• **Information supplied**

§ §

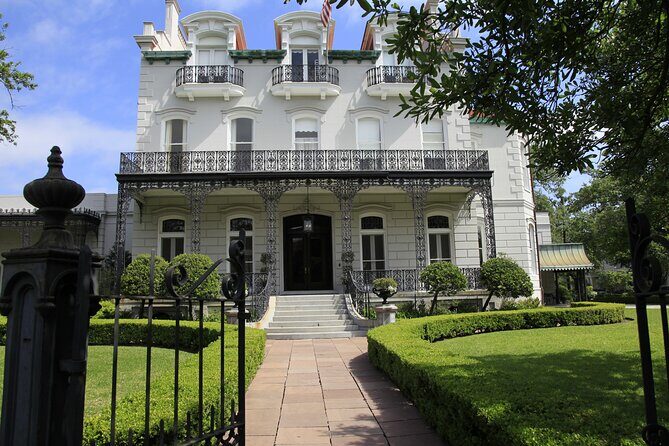 New Orleans Garden District- At your own pace. Downloadable audiovisual tour. - A Deep Dive into the Garden District Self-Guided Tour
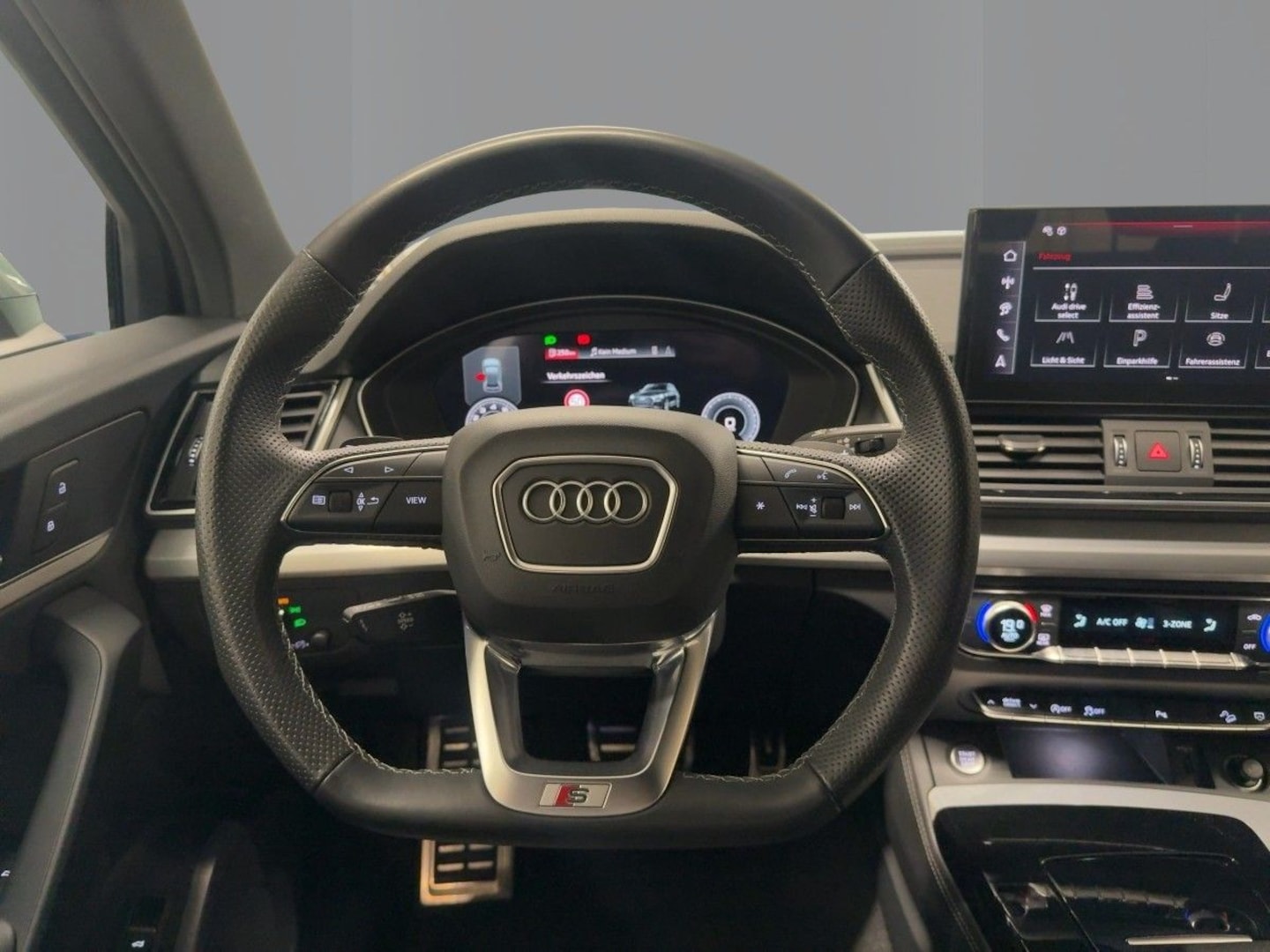 Bild über Audi Q5 Sportback 40 TFSI quattro S tronic - für weitere Informationen kontaktieren Sie den Audi Partner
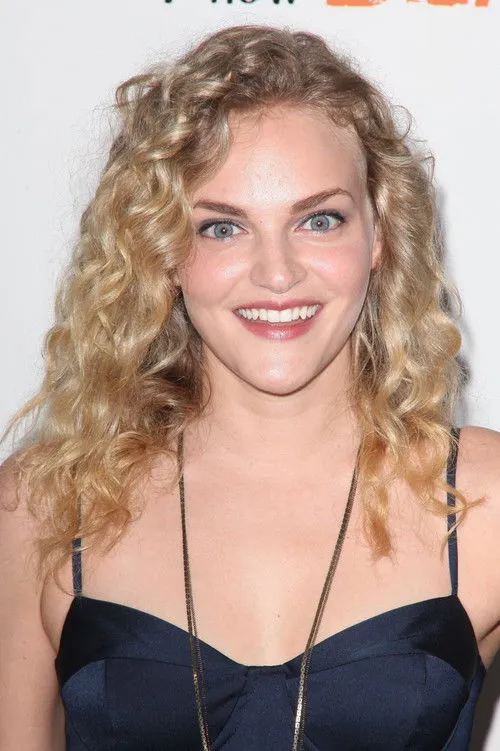 Madeline Brewer photo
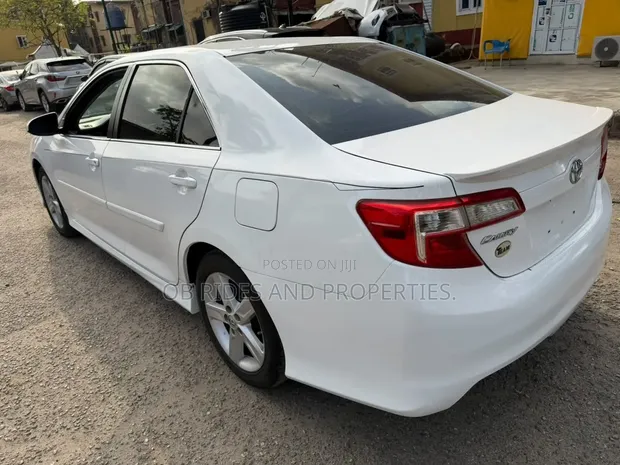 2013 Toyota Camry SE 2.5L White - 1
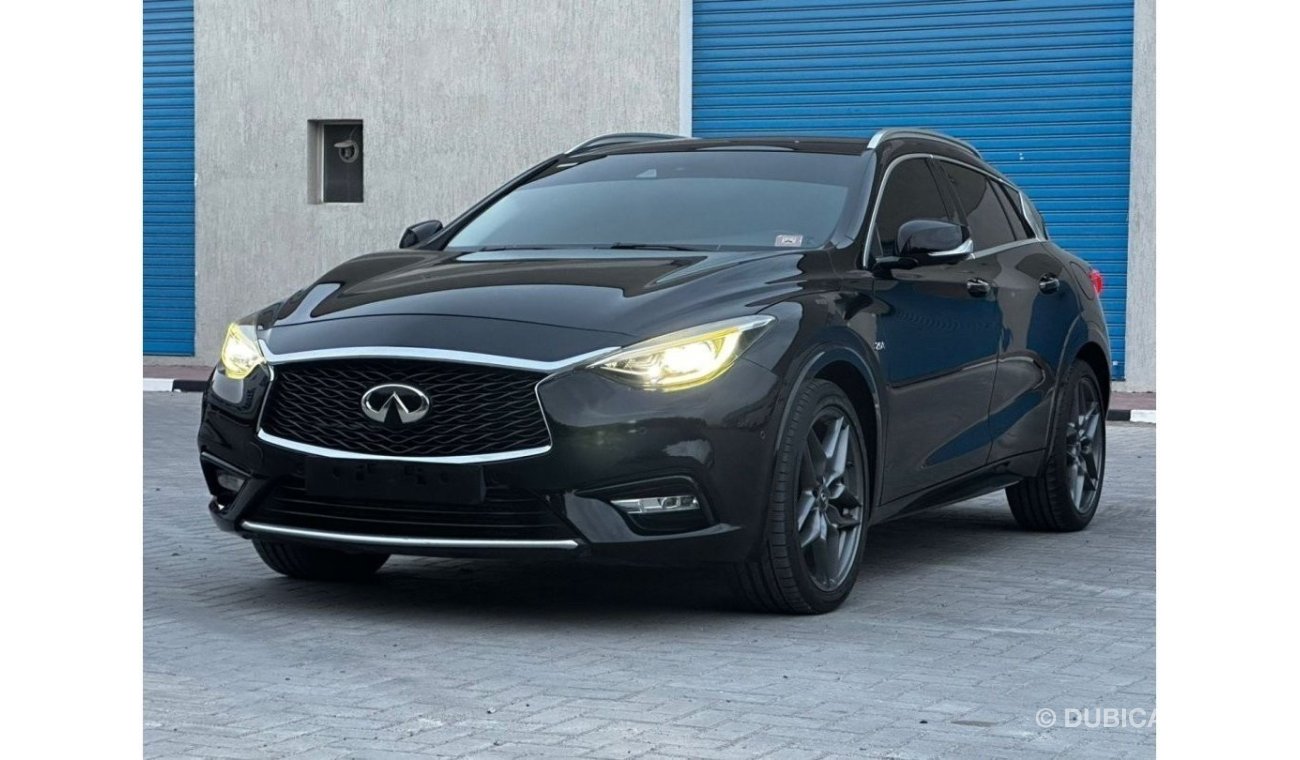 Infiniti Q30 Premium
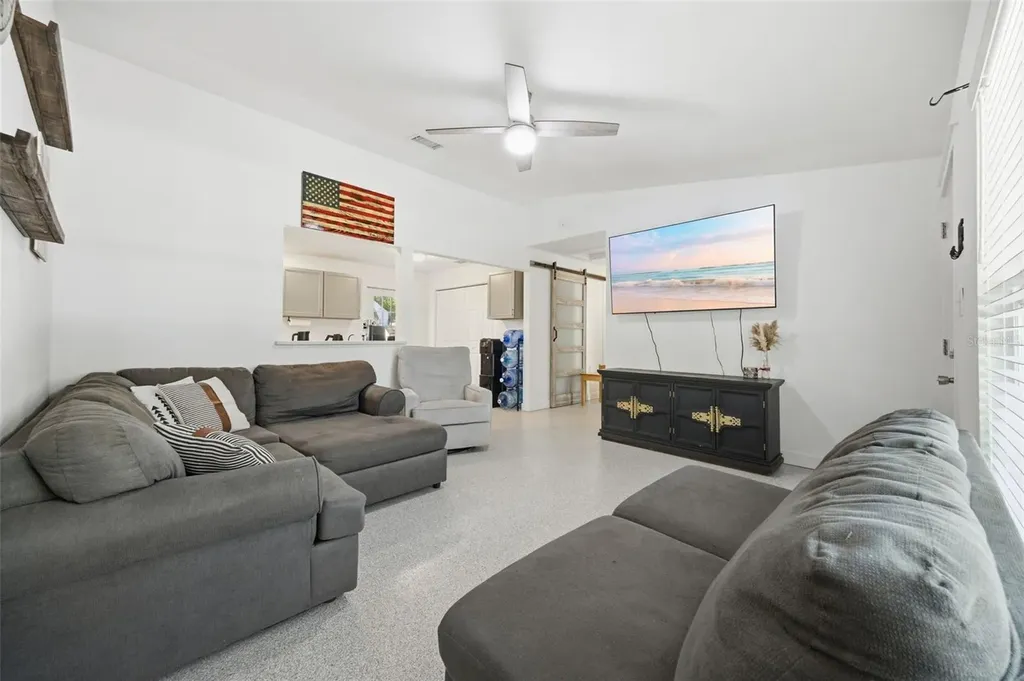 720 Locust Street Tarpon Springs FL 34689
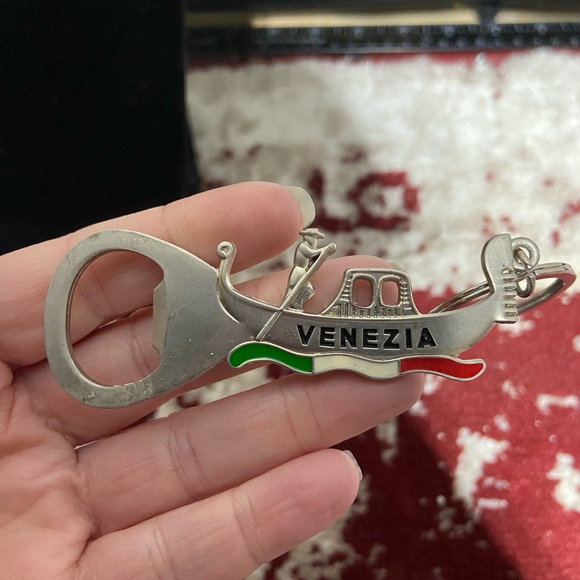 Venice Gondola Keyring With Bottle Opener. Unisex - Picture 4 of 4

§ §

• **Required work**
None of the pictures should be copied, but every record above must be restated in full.

• **Answer box**
 New Orleans Garden District- At your own pace. Downloadable audiovisual tour. - A Deep Dive into the Garden District Self-Guided Tour
 Bild über Audi Q5 Sportback 40 TFSI quattro S tronic - für weitere Informationen kontaktieren Sie den Audi Partner
 Madeline Brewer photo
 2013 Toyota Camry SE 2.5L White - 1
 Infiniti Q30 Premium
 720 Locust Street Tarpon Springs FL 34689
 Venice Gondola Keyring With Bottle Opener. Unisex - Picture 4 of 4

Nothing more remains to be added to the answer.